Waktu itu jam 7 malam, suami saya menjemput saya dari kantor, hari ini lembur, biasanya sore jam 3 sudah pulang. Setibanya dirumah, mungkin hanya istirahat yang terlintas dibenak kami wanita karir. Ya, Saya akui saya sungguh capek sekali ukhty. Dan kebetulan saat itu suami juga bilang jika dia masuk angin dan kepalanya pusing. Celakanya rasa pusing itu juga menyerang saya. Berbeda dengan saya, suami saya hanya minta diambilkan air putih untuk minum, tapi saya malah berkata, “abi, umi pusing nih, ambil sendiri lah !!”.
Pusing membuat saya tertidur hingga lupa sholat isya. Jam 23.30 saya terbangun dan cepat-cepat sholat, Alhamdulillah pusing pun telah hilang. Beranjak dari sajadah, saya melihat suami saya tidur dengan pulasnya.
Menuju ke dapur, saya liat semua piring sudah bersih tercuci. Siapa lagi yang bukan mencucinya kalo bukan suami saya (kami memang berkomitmen untuk tidak memiliki khodimah)? Terlihat lagi semua baju kotor telah di cuci. Astagfirullah, kenapa abi mengerjakan semua ini? Bukankah abi juga pusing tadi malam? Saya segera masuk lagi ke kamar, berharap abi sadar dan mau menjelaskannya, tapi rasanya abi terlalu lelah, hingga tak sadar juga.

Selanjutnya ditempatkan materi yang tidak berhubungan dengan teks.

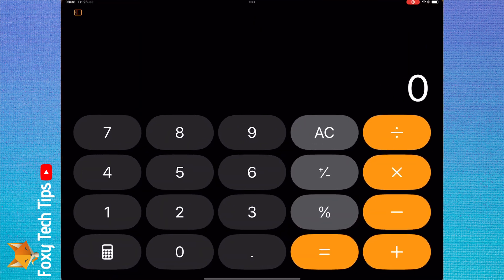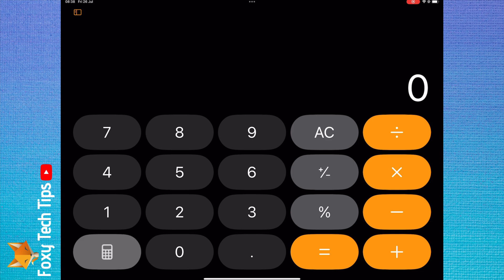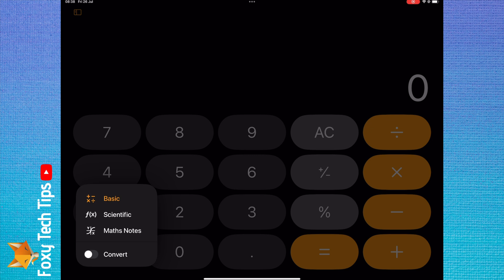To use Math Notes, open the Calculator app. Then tap the calculator icon in the bottom left corner and choose Math Notes from the options.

Rasa iba mulai memenuhi jiwa saya, saya pegang wajah suami saya itu, ya Allah panas sekali pipinya, keningnya, Masya Allah, abi demam, tinggi sekali panasnya. Saya teringat perkataan terakhir saya pada suami tadi. Hanya disuruh mengambilkan air putih saja saya membantahnya. Air mata ini menetes, air mata karena telah melupakan hak-hak suami saya.”
Subhanallah, aku melihat mbak ini cerita dengan semangatnya, membuat hati ini merinding. Dan kulihat juga ada tetesan air mata yang di usapnya.

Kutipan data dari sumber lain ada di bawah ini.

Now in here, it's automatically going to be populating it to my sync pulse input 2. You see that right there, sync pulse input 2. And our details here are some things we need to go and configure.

“Kamu tahu berapa gaji suami saya? Sangat berbeda jauh dengan gaji saya. Sekitar 600-700 rb/bulan. Sepersepuluh dari gaji saya sebulan. Malam itu saya benar-benar merasa sangat durhaka pada suami saya.
Dengan gaji yang saya miliki, saya merasa tak perlu meminta nafkah pada suami, meskipun suami selalu memberikan hasil jualannya itu pada saya dengan ikhlas dari lubuk hatinya. Setiap kali memberikan hasil jualannya, ia selalu berkata “Umi, ini ada titipan rezeki dari Allah. Di ambil ya. Buat keperluan kita. Dan tidak banyak jumlahnya, mudah-mudahan Umi ridho”, begitulah katanya. Saat itu saya baru merasakan dalamnya kata-kata itu. Betapa harta ini membuat saya sombong dan durhaka pada nafkah yang diberikan suami saya, dan saya yakin hampir tidak ada wanita karir yang selamat dari fitnah ini”
“Alhamdulillah saya sekarang memutuskan untuk berhenti bekerja, mudah-mudahan dengan jalan ini, saya lebih bisa menghargai nafkah yang diberikan suami. Wanita itu sering begitu susah jika tanpa harta, dan karena harta juga wanita sering lupa kodratnya" Lanjutnya lagi, tak memberikan kesempatan bagiku untuk berbicara.
“Beberapa hari yang lalu, saya berkunjung ke rumah orang tua, dan menceritakan niat saya ini. Saya sedih, karena orang tua, dan saudara-saudara saya justru tidak ada yang mendukung niat saya untuk berhenti berkerja. Sesuai dugaan saya, mereka malah membanding-bandingkan pekerjaan suami saya dengan yang lain.”
Aku masih terdiam, bisu mendengar keluh kesahnya. Subhanallah, apa aku bisa seperti dia? Menerima sosok pangeran apa adanya, bahkan rela meninggalkan pekerjaan.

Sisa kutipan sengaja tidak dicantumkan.